By Steven Libowitz   |   March 5, 2020

Opera Santa Barbara presents Il Postino (The Postman), created by Mexican-American composer Daniel Catán, who is known for his sweeping, impressionistic music and bringing Spanish-language opera into the international repertory. Based on the Oscar-winning film of the same name, the story follows a poor and uneducated mail carrier who meets Chilean exile and poet, Pablo Neruda, on a small island off the coast of Italy, and set against a backdrop of political and spiritual conflict. The work weaves together the rush of romance, the endurance of friendship, and the danger that arises at the intersection of art and politics. OSB artistic director Kostis Protopapas conducts, while Crystal Manich, who last with OSB for The Cunning Little Vixen, directs a cast featuring Arnold Rawls in his OSB debut as the poet and Daniel Montenegro, last seen in 2011’s Trouble in Tahiti, as the titular postman. Shows are March 7 and 8 at the Lobero Theatre… Also on March 7, pianist Paolo Tatafiore plays the “Dante Sonata” by Franz Liszt and selections of Rachmaninoff’s preludes in a free Santa Barbara Music Club concert at the Faulkner Gallery of the central library at 3 pm.

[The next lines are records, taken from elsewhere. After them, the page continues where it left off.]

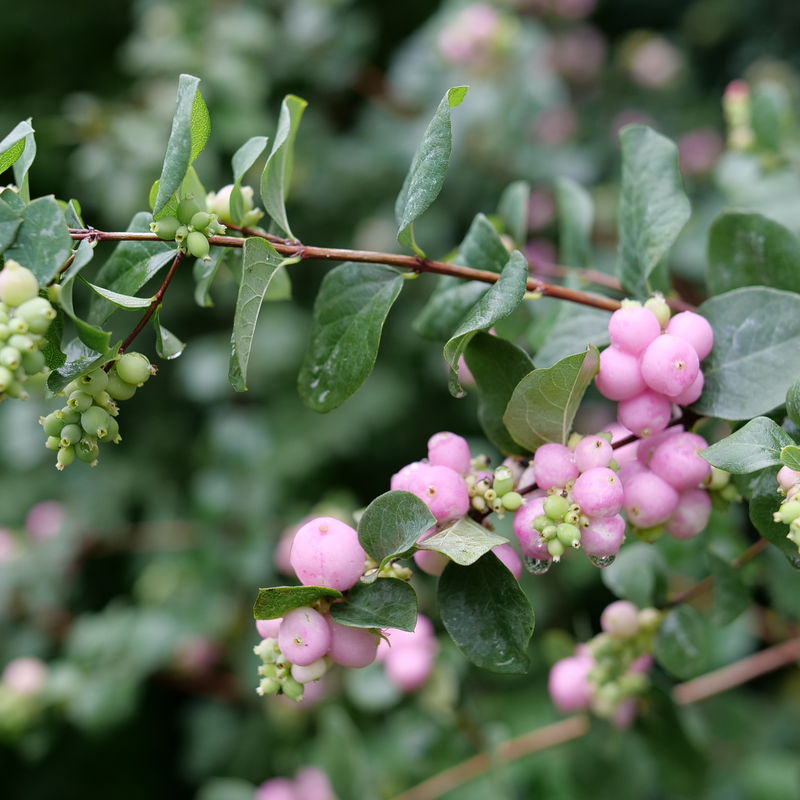 Proud Berry Proud Berry Coralberry up close.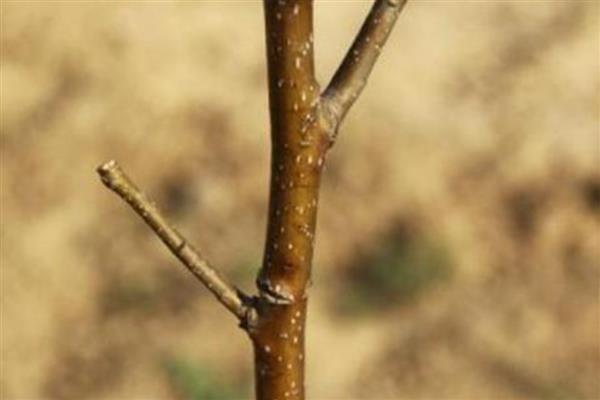 苹果树的嫁接时间，通常在6-8月进行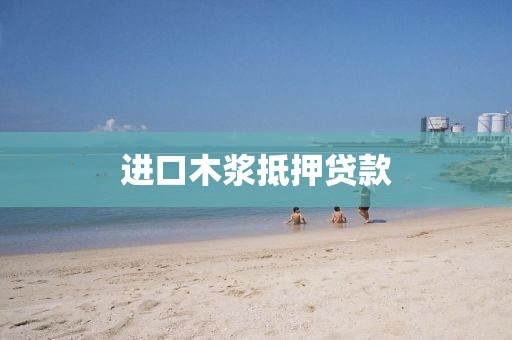 进口木浆抵押贷款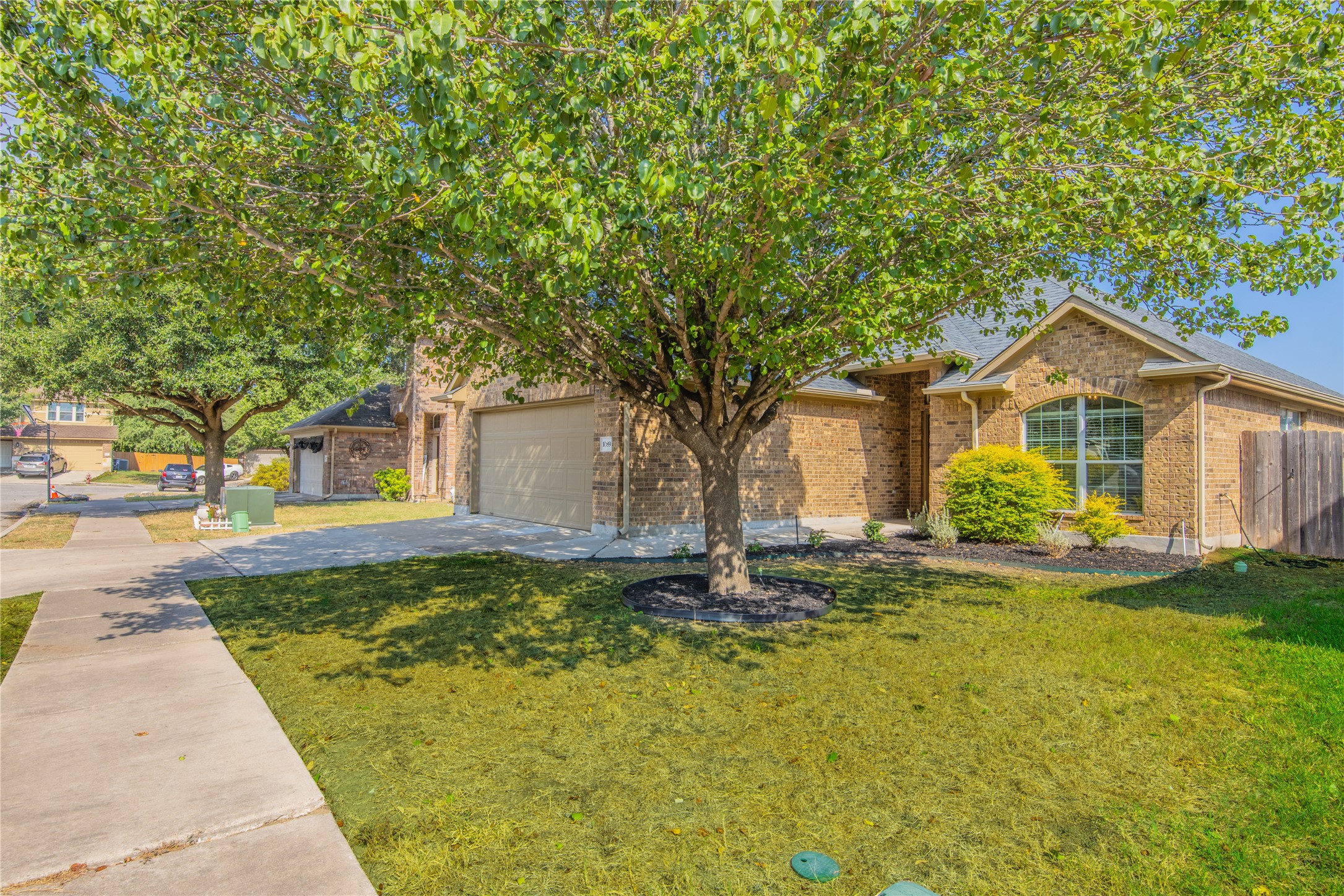 1089 Hot Spring Valley Buda, TX 78610 - Photo 20 of 26 Mature shade trees and a concrete walkway frame this classic brick exterior with garage.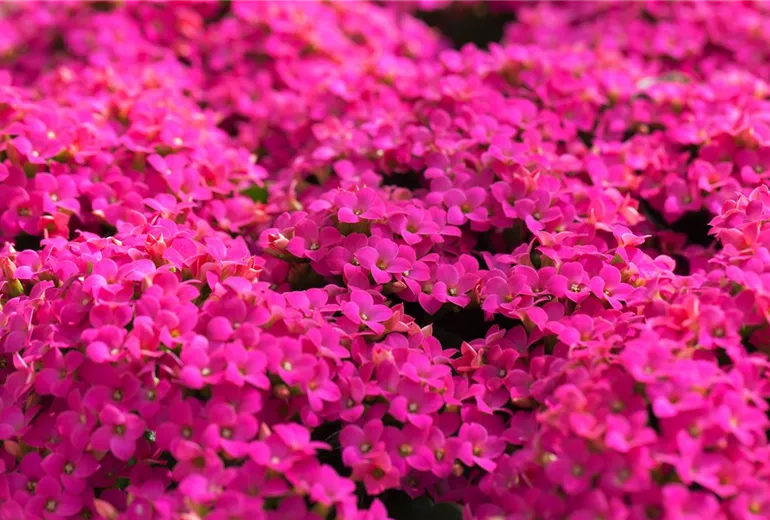 Kalanchoe blossfeldiana 'Poseidon' Kalanchoe blossfeldiana 'Poseidon'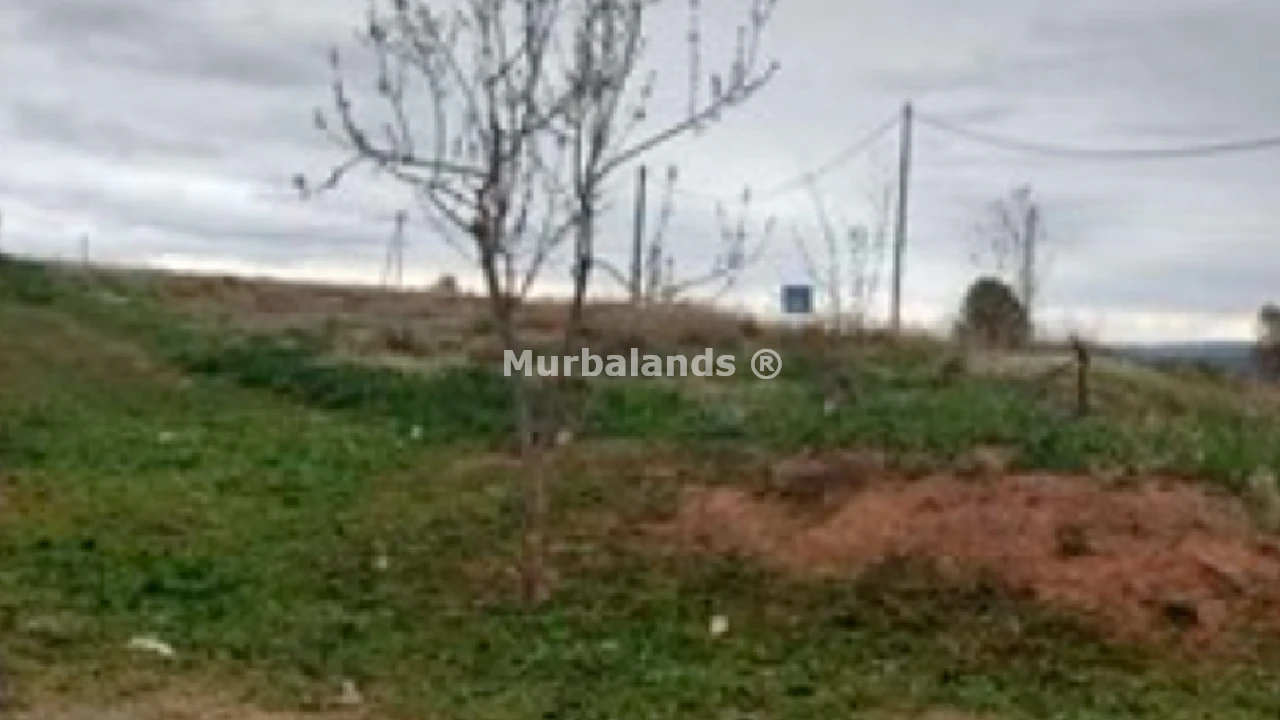 Terreno destacado
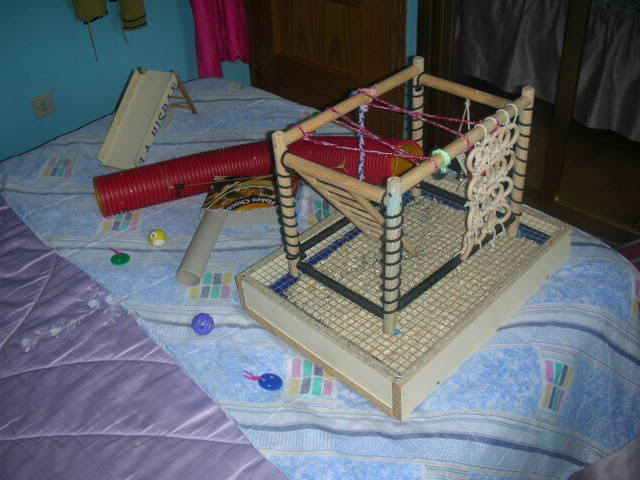 DSCN2269.jpg
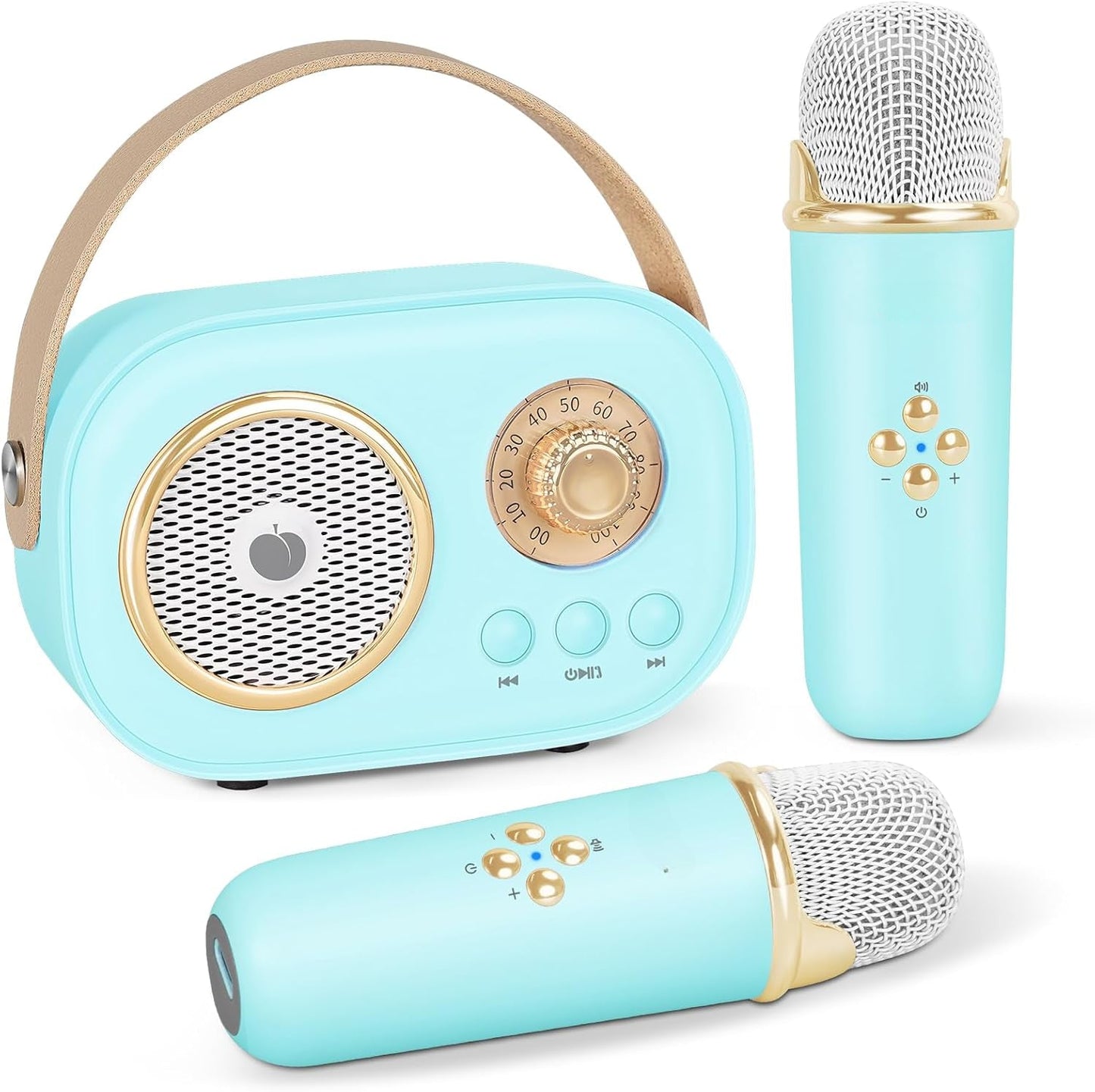 JoyTunes Karaoke Set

Also, CAMA celebrates its longstanding relationship with the Los Angeles Philharmonic – nearly 300 concerts strong – with a gala concert at the Granada Theatre on Friday, March 6, which is 100 years to the day from the LA Phil’s first performance in Santa Barbara. Music and Artistic Director Gustavo Dudamel conducts Ives’ Symphony No. 2 and Dvorak’s Symphony No. 9 in E Minor, “From the New World.” Montecito Journal contributor Hattie Beresford, author of the book Celebrating CAMA’s Centennial: Bringing the World’s Finest Classical Music to Santa Barbara, gives a free illustrated lecture at the New Vic Theatre in Santa Barbara at 5:15 pm before the 7 pm concert, which will be preceded by a red carpet reception in the Granada lobby.

The six-year-old Paris-based Arod Quartet, whose members are all still in their twenties, has already dazzled chamber-music lovers in concerts at such prestigious venues as the Auditorium of the Louvre in Paris and the Verbier Festival in Switzerland after winning First Prize of the 2016 ARD International Music Competition in Munich. Now, less than a year since its inaugural Carnegie Hall performance, the Arod Quartet’s program for its Santa Barbara debut at the Mary Craig Auditorium on Thursday, March 12, includes Haydn’s Quartet in D Major, Op. 76, No. 5, Bartók’s Quartet No. 4, and Quartet in F Major, Op. 59, No. 1, “Razumovsky,” by Beethoven.